Big Data Decision Institute, Jinan University, Guangzhou 510632, PR China; School of Management, Jinan University, Guangzhou 510632, PR China.
Big Data Decision Institute, Jinan University, Guangzhou 510632, PR China; School of Medicine, Jinan University, Guangzhou 510632, PR China.
Int J Med Inform. 2024 Nov;191:105588. doi: 10.1016/j.ijmedinf.2024.105588. Epub 2024 Aug 5.
Accurate diagnoses and personalized treatments in medicine rely on identifying causality. However, existing causal discovery algorithms often yield inconsistent results due to distinct learning mechanisms. To address this challenge, we introduce MINDMerge, a multi-causal investigation and discovery framework designed to synthesize causal graphs from various algorithms.

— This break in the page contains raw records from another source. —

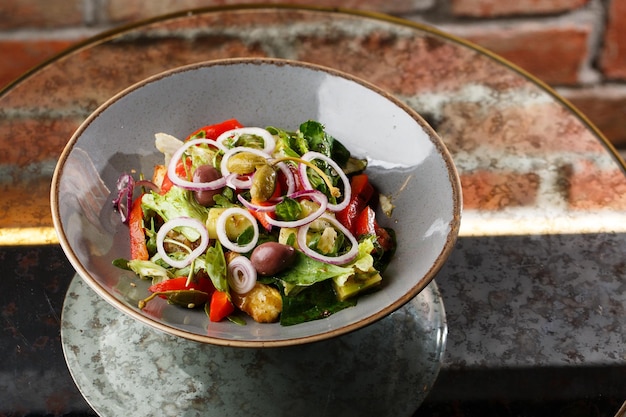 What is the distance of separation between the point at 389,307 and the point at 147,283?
0.37 metres

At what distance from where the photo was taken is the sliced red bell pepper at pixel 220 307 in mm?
1094

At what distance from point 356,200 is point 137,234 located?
1.18ft

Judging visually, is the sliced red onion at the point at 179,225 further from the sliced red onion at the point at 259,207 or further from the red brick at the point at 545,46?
the red brick at the point at 545,46

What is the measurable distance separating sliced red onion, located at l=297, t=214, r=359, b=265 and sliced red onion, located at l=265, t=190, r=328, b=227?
1 centimetres

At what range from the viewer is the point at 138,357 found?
3.77 ft

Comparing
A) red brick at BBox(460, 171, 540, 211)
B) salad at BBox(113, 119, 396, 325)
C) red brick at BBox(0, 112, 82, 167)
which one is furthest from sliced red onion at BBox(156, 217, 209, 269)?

MINDMerge integrates five causal models to reconcile inconsistencies arising from different algorithms. Employing credibility weighting and a novel cycle-breaking mechanism in causal networks, we initially developed and tested MINDMerge using three synthetic networks. Subsequently, we validated its effectiveness in discovering risk factors and predicting acute kidney injury (AKI) using two electronic medical records (EMR) datasets, eICU Collaborative Research Database and MIMIC-III Database. Causal reasoning was employed to analyze the relationships between risk factors and AKI. The identified causal risk factors of AKI were used in building a prediction model, and the prediction model was evaluated using the area under the receiver operating characteristics curve (AUC) and recall.
Synthetic data experiments demonstrated that our model outperformed significantly in capturing ground-truth network structure compared to other causal models. Application of MINDMerge on real-world data revealed direct connections of pulmonary disease, hypertension, diabetes, x-ray assessment, and BUN with AKI. With the identified variables, AKI risk can be inferred at the individual level based on established BNs and prior information. Compared against existing benchmark models, MINDMerge maintained a higher AUC for AKI prediction in both internal (AUC: 0.832) and external network validations (AUC: 0.861).
MINDMerge can identify causal risk factors of AKI, serving as a valuable diagnostic tool for clinical decision-making and facilitating effective intervention.
医学中的准确诊断和个性化治疗依赖于因果关系的识别。然而,现有的因果发现算法由于不同的学习机制往往会产生不一致的结果。为了解决这一挑战,我们引入了 MINDMerge,这是一个多因果调查和发现框架,旨在从各种算法中综合因果图。
MINDMerge 集成了五个因果模型,以协调不同算法产生的不一致。通过在因果网络中使用可信度加权和新的循环打破机制,我们最初使用三个合成网络开发和测试了 MINDMerge。然后,我们使用两个电子病历(EMR)数据集 eICU 协作研究数据库和 MIMIC-III 数据库验证了其在发现风险因素和预测急性肾损伤(AKI)方面的有效性。使用因果推理分析风险因素与 AKI 之间的关系。确定的 AKI 因果风险因素用于构建预测模型,并使用接收者操作特征曲线(AUC)和召回率评估预测模型。
合成数据实验表明,与其他因果模型相比,我们的模型在捕捉真实网络结构方面表现出色。MINDMerge 在真实数据上的应用揭示了肺部疾病、高血压、糖尿病、X 射线评估和 BUN 与 AKI 之间的直接联系。基于已识别的变量,可以根据已建立的 BNs 和先验信息在个体水平上推断 AKI 风险。与现有的基准模型相比,MINDMerge 在内部(AUC:0.832)和外部网络验证(AUC:0.861)中都保持了更高的 AKI 预测 AUC。
MINDMerge 可以识别 AKI 的因果风险因素,是临床决策的有价值的诊断工具,并有助于有效的干预。